The United Nations Should Stay Away From the Internet
David Williams
June 29, 2012
Last week the Internet was abuzz with the idea that some countries were proposing that the U.N. should take over management of the Internet. Later this year in Dubai, at a meeting of the International Telecommunications Union, the technology arm of the U.N., a plan will be debated that would allow this international body to take over some control of the Internet. According to the Associated Press on June 23, 2102, “Secret negotiations among dozens of countries preparing for a United Nations summit could lead to changes in a global treaty that would diminish the Internet’s role in economic growth and restrict the free flow of information.”
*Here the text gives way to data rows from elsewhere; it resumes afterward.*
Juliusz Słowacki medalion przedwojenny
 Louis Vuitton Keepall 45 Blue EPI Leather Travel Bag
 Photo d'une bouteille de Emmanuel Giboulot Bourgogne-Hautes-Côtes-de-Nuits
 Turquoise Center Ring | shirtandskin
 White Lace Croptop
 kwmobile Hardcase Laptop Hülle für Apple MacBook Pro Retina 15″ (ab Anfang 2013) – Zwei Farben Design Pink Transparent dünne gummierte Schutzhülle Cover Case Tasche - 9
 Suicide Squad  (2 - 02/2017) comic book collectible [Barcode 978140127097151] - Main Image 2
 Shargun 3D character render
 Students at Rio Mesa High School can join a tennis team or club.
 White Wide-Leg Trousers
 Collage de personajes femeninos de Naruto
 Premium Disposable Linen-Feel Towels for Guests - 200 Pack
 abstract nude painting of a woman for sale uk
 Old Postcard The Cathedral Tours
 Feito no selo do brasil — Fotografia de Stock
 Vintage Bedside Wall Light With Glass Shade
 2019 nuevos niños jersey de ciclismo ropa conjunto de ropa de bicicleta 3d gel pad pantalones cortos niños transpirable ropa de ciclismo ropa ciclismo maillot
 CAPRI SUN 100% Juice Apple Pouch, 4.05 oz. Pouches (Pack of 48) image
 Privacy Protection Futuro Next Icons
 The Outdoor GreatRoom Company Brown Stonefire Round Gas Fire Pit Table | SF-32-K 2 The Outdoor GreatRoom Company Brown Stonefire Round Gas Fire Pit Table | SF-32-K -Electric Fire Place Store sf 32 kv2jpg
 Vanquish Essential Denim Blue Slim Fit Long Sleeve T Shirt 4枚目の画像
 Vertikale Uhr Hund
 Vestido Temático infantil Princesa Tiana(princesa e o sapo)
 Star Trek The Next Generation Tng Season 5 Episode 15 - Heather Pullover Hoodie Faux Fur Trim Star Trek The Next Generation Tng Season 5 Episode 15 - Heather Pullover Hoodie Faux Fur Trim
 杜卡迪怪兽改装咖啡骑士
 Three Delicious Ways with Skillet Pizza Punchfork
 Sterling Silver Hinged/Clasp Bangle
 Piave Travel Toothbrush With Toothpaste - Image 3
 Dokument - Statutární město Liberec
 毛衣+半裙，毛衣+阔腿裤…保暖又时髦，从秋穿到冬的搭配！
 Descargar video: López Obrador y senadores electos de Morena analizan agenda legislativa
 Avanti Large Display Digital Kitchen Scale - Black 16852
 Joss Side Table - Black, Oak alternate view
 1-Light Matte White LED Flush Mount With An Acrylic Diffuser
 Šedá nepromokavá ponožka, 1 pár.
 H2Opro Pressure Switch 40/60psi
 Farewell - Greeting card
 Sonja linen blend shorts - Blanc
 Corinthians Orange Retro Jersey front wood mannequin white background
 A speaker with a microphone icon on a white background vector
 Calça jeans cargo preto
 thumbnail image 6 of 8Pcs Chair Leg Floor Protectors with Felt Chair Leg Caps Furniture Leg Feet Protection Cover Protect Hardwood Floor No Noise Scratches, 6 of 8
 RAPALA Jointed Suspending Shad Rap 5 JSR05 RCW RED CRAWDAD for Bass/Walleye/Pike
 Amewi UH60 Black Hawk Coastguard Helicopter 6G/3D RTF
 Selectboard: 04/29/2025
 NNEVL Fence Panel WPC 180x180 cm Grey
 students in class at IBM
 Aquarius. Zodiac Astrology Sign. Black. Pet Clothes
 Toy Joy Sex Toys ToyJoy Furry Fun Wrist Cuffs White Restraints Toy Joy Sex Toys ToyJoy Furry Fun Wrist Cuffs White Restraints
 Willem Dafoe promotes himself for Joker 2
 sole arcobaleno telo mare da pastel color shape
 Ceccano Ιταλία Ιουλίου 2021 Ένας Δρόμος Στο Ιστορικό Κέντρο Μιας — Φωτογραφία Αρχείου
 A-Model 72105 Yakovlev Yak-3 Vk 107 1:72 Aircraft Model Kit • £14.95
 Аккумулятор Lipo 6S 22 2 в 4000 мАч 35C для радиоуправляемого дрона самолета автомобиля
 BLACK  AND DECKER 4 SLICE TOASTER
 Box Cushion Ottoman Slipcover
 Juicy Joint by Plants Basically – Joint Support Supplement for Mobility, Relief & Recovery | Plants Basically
Allowing the U.N. or some member countries to manage the Internet could result in a myriad of problems. As people often quip, if something is not broken, there is no need to fix it. As Ariel Rabkin told The Weekly Standard in 2009, “The management of the Domain Name System has been largely apolitical, and most of the disputes that have arisen have been of interest only to insiders and the technology industry. IANA [Internet Assigned Numbers Authority, operated on behalf of the Commerce Department] has concerned itself with fairly narrow questions like ‘Should we allow names ending in .info?”’ Commercial questions about ownership of names, like other property disputes, are settled in national courts.’” Rabkin as noted that allowing international government bodies to manage the internet could result in more problems like such as “Domain names presenting political questions. Which side in a civil war should control Pakistan’s Internet domain. . . ” and the “Control of Internet names could become a lever to impose restrictions on Internet content.”
Besides the current system working, the current management of the internet is largely left to a nonprofit private organization known as ICANN (Internet Corporation for Assigned Names and Numbers) which was created to oversee a number of Internet-related tasks previously performed by the U.S. government. This body is independent of the government and benefits from being managed by a 16 member Board of Directors, with an international make-up. This structure works and provides for a robust process for input from users, something the U.N. governance would surely fall short on.
The most compelling argument against any government or bureaucratic takeover of the Internet is what happened in Egypt in January 2011 when the government denied Internet access to its citizens in the wake of their revolution. According to a January 28, 2011 article in the New York Times, “Autocratic governments often limit phone and Internet access in tense times. But the Internet has never faced anything like what happened in Egypt on Friday, when the government of a country with 80 million people and a modernizing economy cut off nearly all access to the network and shut down cellphone service.” The article went on to note that, “In the Internet era, governments have found many ways to control the flow of information — or at least to try to do so — by interfering with digital communications or limiting them.” International control over the Internet (as described by Putin) could destroy the Internet as we know it.
Allowing the U.N. to regulate large portions of the Internet and allowing free speech and respecting the international rule of law are values that most international uses respect and have come to expect from their use of the Internet. Changing the management when there have been no serious complaints about American stewardship of the Internet, no actual abuses perpetrated by American overseers, is a solution in search of a problem.